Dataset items
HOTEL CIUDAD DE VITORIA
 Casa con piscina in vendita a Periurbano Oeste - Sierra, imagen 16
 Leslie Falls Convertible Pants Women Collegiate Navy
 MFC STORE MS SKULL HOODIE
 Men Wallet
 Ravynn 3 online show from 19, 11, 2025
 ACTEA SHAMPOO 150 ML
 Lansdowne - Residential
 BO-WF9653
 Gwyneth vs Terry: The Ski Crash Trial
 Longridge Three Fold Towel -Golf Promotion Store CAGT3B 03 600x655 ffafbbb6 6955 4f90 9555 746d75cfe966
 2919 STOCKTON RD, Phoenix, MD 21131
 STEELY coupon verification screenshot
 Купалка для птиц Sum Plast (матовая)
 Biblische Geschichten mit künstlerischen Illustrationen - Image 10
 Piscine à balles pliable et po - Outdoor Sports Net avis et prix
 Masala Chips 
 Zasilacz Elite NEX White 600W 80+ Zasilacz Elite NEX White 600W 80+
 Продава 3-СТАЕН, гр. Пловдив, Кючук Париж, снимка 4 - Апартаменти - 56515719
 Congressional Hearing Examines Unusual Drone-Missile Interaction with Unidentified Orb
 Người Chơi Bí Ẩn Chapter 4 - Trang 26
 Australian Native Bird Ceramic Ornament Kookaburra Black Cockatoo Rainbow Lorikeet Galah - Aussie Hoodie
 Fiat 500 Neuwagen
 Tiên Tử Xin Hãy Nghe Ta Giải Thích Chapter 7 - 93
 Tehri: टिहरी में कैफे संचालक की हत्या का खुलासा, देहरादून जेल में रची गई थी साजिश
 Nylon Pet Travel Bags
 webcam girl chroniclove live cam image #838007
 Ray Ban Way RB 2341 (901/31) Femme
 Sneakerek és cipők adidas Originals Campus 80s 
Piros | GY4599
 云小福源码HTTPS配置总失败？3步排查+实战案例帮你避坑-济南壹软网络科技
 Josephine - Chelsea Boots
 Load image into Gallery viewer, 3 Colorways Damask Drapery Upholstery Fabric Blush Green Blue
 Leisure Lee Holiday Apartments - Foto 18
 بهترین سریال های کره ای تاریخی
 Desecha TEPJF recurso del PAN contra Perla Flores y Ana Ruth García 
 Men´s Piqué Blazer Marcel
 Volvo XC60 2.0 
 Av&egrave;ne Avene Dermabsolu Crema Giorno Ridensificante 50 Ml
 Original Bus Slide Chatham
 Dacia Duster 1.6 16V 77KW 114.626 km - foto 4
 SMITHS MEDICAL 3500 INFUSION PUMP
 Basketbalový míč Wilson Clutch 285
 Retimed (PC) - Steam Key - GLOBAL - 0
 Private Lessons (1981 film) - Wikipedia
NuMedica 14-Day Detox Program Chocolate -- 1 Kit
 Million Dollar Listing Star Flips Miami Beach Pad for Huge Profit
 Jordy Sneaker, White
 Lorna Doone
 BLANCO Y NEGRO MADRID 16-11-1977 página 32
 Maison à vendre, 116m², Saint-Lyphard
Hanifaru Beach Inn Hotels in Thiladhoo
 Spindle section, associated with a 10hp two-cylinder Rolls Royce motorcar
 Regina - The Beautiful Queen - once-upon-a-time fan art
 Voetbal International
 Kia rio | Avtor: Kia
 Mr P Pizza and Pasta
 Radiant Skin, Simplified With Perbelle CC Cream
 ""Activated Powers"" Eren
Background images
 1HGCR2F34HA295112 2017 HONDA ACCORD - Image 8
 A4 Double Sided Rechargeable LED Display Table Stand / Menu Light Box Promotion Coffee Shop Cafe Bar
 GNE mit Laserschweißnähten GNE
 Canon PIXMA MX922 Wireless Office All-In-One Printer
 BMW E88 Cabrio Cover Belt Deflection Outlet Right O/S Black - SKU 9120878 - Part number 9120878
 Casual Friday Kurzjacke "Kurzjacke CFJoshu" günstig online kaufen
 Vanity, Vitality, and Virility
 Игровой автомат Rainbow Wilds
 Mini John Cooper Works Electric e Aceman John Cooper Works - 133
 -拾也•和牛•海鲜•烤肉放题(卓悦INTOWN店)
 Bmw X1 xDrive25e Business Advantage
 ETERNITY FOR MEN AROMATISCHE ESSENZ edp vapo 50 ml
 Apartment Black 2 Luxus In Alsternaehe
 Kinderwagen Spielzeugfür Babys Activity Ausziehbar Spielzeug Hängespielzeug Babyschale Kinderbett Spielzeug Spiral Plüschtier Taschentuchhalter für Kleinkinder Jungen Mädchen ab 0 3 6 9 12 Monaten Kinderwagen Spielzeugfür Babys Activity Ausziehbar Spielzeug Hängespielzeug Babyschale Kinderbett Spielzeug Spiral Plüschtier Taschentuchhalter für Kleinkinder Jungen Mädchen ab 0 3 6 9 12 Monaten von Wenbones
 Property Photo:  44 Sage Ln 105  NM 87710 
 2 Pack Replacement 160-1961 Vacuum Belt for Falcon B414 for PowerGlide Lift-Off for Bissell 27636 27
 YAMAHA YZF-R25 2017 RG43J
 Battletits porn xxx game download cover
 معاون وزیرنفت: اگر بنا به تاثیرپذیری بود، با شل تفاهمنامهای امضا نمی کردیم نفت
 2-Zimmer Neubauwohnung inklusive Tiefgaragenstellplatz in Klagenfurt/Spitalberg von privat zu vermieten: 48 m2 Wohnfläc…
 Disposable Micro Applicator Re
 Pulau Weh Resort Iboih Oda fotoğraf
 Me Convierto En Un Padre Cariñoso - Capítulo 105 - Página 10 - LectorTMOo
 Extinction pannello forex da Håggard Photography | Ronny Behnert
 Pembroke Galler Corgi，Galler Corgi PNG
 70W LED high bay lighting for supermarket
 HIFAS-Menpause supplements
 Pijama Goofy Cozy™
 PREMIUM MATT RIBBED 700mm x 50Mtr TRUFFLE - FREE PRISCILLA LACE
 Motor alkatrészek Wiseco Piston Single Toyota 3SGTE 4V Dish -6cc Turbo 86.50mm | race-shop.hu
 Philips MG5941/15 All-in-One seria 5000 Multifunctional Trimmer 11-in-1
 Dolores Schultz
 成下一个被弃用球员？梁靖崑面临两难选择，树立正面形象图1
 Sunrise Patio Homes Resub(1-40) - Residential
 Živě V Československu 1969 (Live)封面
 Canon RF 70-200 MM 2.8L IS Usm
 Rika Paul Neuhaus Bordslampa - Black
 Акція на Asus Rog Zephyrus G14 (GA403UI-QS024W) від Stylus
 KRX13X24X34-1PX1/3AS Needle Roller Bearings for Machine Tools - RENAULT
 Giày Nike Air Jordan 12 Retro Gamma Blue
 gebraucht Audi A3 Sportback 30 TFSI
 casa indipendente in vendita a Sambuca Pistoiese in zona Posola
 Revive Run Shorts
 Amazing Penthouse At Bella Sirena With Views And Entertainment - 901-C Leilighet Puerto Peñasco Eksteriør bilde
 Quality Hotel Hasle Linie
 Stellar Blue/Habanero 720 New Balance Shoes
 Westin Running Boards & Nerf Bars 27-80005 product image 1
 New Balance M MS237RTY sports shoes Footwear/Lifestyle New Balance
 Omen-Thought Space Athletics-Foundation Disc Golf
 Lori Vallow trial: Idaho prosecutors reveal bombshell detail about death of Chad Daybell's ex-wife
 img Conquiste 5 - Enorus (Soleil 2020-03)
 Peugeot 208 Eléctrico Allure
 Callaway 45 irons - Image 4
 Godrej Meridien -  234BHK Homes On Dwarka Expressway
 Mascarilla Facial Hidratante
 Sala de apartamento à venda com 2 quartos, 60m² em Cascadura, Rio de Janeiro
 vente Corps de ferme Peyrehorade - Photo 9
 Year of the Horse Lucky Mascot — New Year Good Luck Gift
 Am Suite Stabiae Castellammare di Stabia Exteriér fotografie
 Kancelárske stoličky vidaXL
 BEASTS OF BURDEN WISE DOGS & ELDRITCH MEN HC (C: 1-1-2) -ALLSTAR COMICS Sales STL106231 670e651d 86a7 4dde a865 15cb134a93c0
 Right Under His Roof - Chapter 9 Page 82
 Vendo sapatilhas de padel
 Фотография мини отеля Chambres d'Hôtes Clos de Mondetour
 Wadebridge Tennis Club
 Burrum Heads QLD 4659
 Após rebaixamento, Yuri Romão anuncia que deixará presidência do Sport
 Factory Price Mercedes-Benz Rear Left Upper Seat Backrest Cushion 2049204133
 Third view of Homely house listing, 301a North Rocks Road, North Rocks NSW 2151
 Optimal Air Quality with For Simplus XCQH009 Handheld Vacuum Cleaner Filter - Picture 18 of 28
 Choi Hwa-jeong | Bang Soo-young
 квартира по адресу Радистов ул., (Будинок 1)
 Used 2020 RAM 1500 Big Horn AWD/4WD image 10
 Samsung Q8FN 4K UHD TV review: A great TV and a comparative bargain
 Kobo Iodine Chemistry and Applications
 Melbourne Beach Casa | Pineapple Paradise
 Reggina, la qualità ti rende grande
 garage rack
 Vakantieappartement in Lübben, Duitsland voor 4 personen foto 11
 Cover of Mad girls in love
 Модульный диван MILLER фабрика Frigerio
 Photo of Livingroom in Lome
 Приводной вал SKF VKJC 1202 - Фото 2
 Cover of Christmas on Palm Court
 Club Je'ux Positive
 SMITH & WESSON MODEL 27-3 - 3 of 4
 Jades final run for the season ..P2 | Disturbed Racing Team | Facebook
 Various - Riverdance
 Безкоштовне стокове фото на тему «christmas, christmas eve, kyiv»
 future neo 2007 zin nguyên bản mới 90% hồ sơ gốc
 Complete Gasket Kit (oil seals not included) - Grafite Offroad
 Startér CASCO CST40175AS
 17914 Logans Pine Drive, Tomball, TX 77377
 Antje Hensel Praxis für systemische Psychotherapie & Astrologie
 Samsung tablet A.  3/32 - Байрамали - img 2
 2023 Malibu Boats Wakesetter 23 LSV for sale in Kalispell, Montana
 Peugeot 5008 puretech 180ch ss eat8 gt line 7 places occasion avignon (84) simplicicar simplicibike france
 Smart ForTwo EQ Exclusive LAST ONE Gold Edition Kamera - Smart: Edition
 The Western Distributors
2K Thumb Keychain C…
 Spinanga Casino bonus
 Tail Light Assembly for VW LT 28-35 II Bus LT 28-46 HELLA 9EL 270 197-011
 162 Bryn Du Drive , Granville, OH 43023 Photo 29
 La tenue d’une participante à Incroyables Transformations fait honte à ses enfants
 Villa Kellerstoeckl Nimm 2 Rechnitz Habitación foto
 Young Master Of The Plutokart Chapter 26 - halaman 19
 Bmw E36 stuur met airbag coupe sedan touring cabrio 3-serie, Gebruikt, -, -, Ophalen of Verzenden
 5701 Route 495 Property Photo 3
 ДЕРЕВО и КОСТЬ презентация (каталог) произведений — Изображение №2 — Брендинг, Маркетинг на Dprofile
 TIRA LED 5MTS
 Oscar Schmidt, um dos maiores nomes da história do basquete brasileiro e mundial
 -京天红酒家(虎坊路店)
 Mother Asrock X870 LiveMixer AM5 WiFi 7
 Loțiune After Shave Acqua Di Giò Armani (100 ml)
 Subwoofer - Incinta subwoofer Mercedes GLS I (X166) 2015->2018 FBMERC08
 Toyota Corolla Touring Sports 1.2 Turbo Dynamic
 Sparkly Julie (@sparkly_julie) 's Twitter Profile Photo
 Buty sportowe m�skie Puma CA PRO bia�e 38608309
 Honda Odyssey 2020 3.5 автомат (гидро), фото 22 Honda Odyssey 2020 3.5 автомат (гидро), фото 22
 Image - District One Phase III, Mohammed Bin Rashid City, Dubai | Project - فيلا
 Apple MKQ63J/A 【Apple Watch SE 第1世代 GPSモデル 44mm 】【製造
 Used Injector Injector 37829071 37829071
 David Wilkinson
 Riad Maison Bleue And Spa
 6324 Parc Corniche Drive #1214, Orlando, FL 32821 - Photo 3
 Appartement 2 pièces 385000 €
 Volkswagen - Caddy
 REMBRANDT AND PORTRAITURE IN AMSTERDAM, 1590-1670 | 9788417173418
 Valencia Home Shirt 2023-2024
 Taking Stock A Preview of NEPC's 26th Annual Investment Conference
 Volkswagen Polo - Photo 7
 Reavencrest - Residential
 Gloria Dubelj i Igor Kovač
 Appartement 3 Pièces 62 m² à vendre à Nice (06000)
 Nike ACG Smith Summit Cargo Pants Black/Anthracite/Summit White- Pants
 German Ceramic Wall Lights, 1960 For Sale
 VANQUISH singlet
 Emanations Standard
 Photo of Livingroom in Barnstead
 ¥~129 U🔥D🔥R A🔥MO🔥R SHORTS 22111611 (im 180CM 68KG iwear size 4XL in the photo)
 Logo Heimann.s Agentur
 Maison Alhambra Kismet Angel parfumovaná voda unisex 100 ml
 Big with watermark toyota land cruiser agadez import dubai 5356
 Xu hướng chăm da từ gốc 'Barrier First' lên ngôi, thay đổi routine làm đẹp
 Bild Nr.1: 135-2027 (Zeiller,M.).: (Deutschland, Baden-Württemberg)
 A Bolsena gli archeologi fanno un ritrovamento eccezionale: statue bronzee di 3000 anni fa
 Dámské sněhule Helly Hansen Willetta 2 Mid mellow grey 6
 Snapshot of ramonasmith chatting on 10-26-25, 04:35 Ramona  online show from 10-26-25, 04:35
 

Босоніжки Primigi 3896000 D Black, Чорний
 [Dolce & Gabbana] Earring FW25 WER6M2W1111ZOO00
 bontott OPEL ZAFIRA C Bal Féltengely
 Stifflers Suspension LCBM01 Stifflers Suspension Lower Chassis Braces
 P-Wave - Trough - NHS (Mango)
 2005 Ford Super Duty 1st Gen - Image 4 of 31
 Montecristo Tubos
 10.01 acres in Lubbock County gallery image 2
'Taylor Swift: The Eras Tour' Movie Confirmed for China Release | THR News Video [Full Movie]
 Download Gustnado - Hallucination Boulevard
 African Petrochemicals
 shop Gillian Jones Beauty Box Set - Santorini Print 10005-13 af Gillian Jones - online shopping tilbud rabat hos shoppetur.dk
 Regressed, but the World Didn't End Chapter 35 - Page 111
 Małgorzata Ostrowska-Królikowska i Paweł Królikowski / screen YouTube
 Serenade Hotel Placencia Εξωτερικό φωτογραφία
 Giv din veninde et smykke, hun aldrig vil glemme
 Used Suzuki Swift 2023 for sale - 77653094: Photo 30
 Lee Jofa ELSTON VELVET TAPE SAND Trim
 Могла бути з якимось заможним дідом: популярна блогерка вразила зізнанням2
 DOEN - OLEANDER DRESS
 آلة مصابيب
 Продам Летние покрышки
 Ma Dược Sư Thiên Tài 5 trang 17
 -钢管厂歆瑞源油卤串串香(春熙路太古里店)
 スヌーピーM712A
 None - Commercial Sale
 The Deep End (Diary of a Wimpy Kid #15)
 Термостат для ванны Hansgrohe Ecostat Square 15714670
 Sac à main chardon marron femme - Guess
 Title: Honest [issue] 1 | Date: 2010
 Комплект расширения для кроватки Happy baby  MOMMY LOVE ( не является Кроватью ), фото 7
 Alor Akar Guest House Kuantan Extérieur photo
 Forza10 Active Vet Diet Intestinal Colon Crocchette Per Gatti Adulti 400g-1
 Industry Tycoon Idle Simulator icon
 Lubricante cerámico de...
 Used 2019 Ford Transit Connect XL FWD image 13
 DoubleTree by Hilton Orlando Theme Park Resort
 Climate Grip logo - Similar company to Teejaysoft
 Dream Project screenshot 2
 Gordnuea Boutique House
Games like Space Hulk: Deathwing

*Task objective*: Give again, word for word, every line from the one holding "shop Gillian Jones" to the end of the data.

*Reply to the exercise*:
 shop Gillian Jones Beauty Box Set - Santorini Print 10005-13 af Gillian Jones - online shopping tilbud rabat hos shoppetur.dk
 Regressed, but the World Didn't End Chapter 35 - Page 111
 Małgorzata Ostrowska-Królikowska i Paweł Królikowski / screen YouTube
 Serenade Hotel Placencia Εξωτερικό φωτογραφία
 Giv din veninde et smykke, hun aldrig vil glemme
 Used Suzuki Swift 2023 for sale - 77653094: Photo 30
 Lee Jofa ELSTON VELVET TAPE SAND Trim
 Могла бути з якимось заможним дідом: популярна блогерка вразила зізнанням2
 DOEN - OLEANDER DRESS
 آلة مصابيب
 Продам Летние покрышки
 Ma Dược Sư Thiên Tài 5 trang 17
 -钢管厂歆瑞源油卤串串香(春熙路太古里店)
 スヌーピーM712A
 None - Commercial Sale
 The Deep End (Diary of a Wimpy Kid #15)
 Термостат для ванны Hansgrohe Ecostat Square 15714670
 Sac à main chardon marron femme - Guess
 Title: Honest [issue] 1 | Date: 2010
 Комплект расширения для кроватки Happy baby  MOMMY LOVE ( не является Кроватью ), фото 7
 Alor Akar Guest House Kuantan Extérieur photo
 Forza10 Active Vet Diet Intestinal Colon Crocchette Per Gatti Adulti 400g-1
 Industry Tycoon Idle Simulator icon
 Lubricante cerámico de...
 Used 2019 Ford Transit Connect XL FWD image 13
 DoubleTree by Hilton Orlando Theme Park Resort
 Climate Grip logo - Similar company to Teejaysoft
 Dream Project screenshot 2
 Gordnuea Boutique House
Games like Space Hulk: Deathwing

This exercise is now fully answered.